Exploring various machine learning approaches for generative text modeling.
text-gen is a character-level text generation project that investigates how lightweight neural architectures can learn and reproduce language patterns. The focus is on finding the balance between model complexity, computational constraints, and generation quality — emphasizing machine learning optimization for CPU-based environments.
The entire system was trained on a mid-range laptop without a dedicated GPU, serving as a proof of concept for executing deep learning tasks efficiently on low-end hardware.
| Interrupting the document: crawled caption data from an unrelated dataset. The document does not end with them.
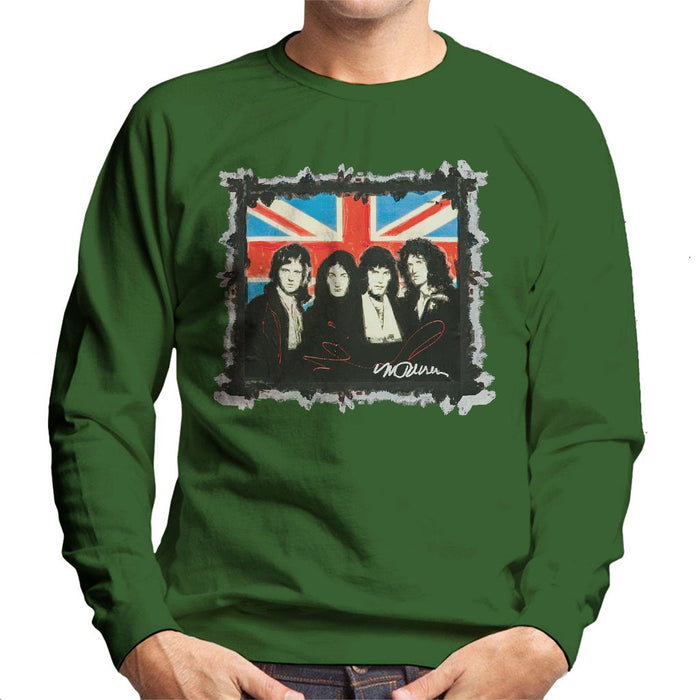 Sidney Maurer Original Portrait Of Queen Union Jack Mens Sweatshirt - Mens Sweatshirt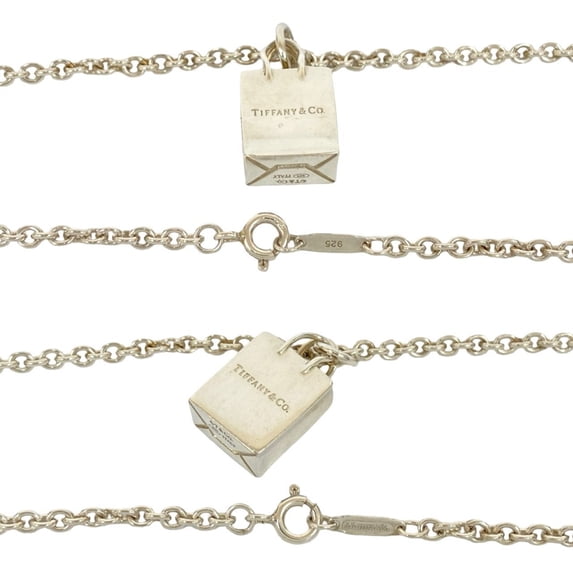 Pre-Owned TIFFANY & Co. Tiffany Shopping Bag Necklace Logo Sterling Silver Pendant... (Good)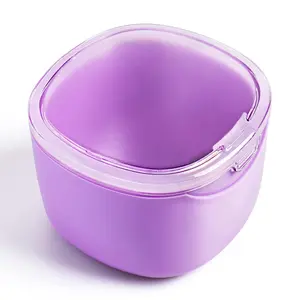Upgraded Denture Bath Box Cup, No-Leak Denture case, Retainer Cleaning Box, Complete Clean Care for Dentures, Clear Braces, Mouth Guard, Night Guard & Retainers (purple)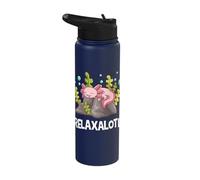 Cute Sleeping Relaxing Axolotl Relaxolotl Kawaii Axolotls Stainless Steel Insulated Water Bottle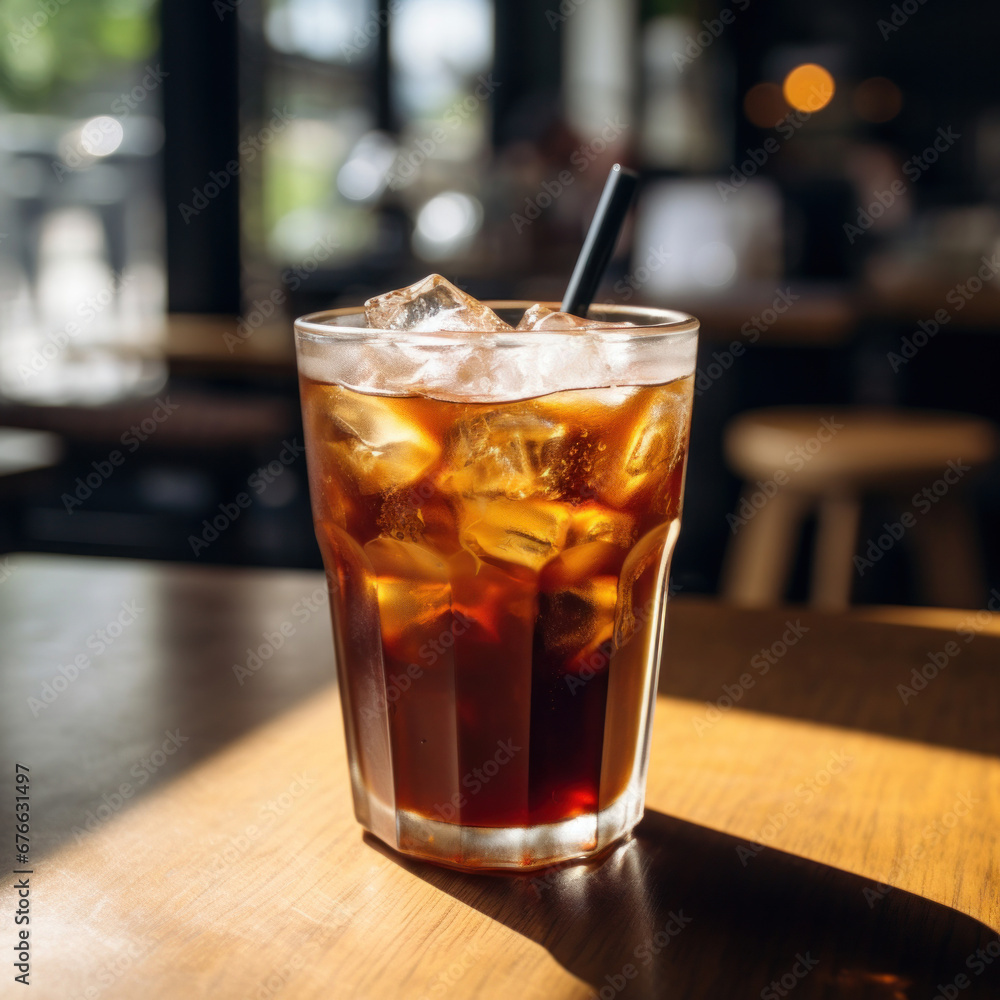 A black iced coffee on the table at a coffee shop.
The model uses a Recurrent Neural Network (RNN) with Long Short-Term Memory (LSTM) units, which are designed to understand sequence dependencies over time. It learns to predict the next character in a sequence given the previous characters, allowing it to generate coherent text one character at a time.
-
Data Preparation: Raw text is converted into integer-encoded character sequences, followed by one-hot encoding to prepare for model training.
-
Model Architecture: A single-layer LSTM (256 hidden units) followed by a dense layer with softmax activation for next-character prediction.
-
Training: The model minimizes categorical cross-entropy loss using the Adam optimizer.
-
Generation: After training, the model generates text by iteratively sampling characters based on learned probabilities.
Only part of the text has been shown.